Seattle actually had the first decent chance of the match; a free header off a long, looping Mathias pass up to Johnson.  Reynolds was caught woolgathering and had let Johnson run wide and goalside of her, but fortunately for PTFC Johnson’s header went over the crossbar.

The two sides traded efforts for several minutes; Portland’s 12th minute attack ended with Nadim blasting well over, Seattle’s attack in the 16th ended with Menges recovering to tackle away from Kawasumi for a corner that was cleared but the remainder of the half was almost all Portland.

What a difference Rapinoe makes for Seattle.

Yeah, I know; duh.  But…wow.

In the last meeting she took the match by the throat and choked the life out of Portland.
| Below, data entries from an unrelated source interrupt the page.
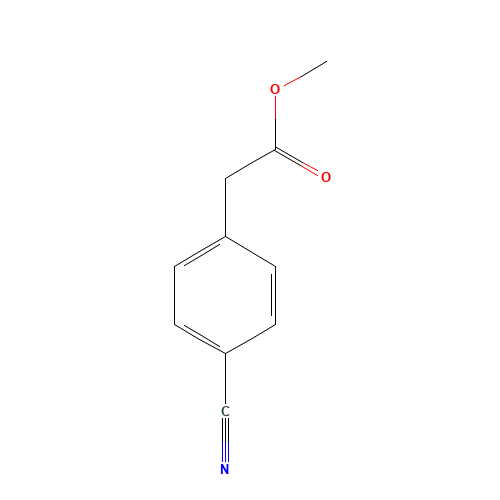 METHYL (4-CYANOPHENYL)ACETATE (CAS: 52798-01-3) - Related Chemical Product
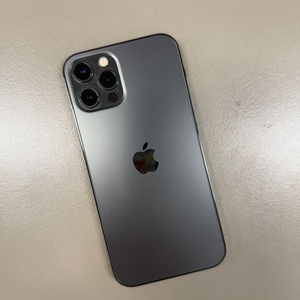 *24만원* 아이폰12프로 블랙 256G 미파손 깨끗한 자급제 단말기 @@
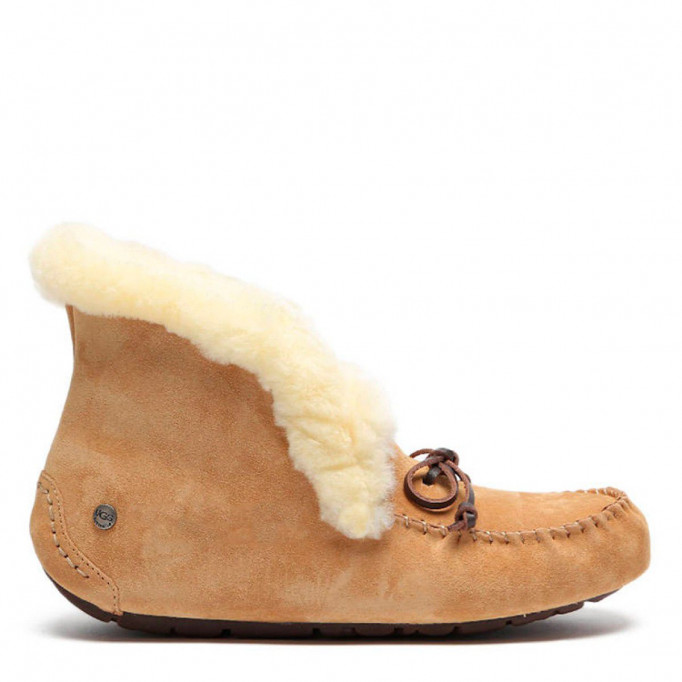 UGG Alena Chestnut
Without her Seattle just couldn’t find any space in midfield and were the ones choked off in the midfield and their attacking third.  Here’s what two of their players’ afternoons looked like; Nahomi Kawasumi up front and Rumi Utsugi in midfield:

Kawasumi has two dangerous moments in the half; the pass up to Mathias in the 10th minute that leads to the Johnson miss, and the 16th minute block out for the corner.  Otherwise she was nearly invisible.  Utsugi does a lot of dinking around the periphery but can’t get anything through the center of the pitch, and her work up the right touchline to Dallstrom (#5) is a pale shadow of the monstrous impact Rapinoe had on that same flank in the earlier game in Seattle.

Here’s the second half.  Harvey subs Crummer in for Kawasumi at 82′:

Kawasumi is now completely invisible, Utsugi, reduced to desperate long balls up the left touchline, and Crummer is pretty much stuffed in the corner.

Portland controlled the center of the pitch for a massive portion of this match.

There’s simply no space for Seattle to operate there.  A great player, a player like Rapinoe, can make space by the force of pure skill.  Mathias and Kawasumi and Fishlock?  They don’t have those kind of skills, that kind of sacred fire, to do that against this sort of high-press, aggressive, forechecking defending:

Mind you, Portland created a ton of chances against Seattle but were scoreless through a first half in which they out-shot the Reign 17-1.

Seventeen to one!  And no goals!

Finally, early in the second half, Haley Kopmeyer and Kristen McNabb combined to serve up a delicious Vegemite Sandwich to the Gal from Down Under:

Kopmeyer has played the ball out short to McNabb who dinks it back to her keeper without looking upfield to see if anything might make that a problem.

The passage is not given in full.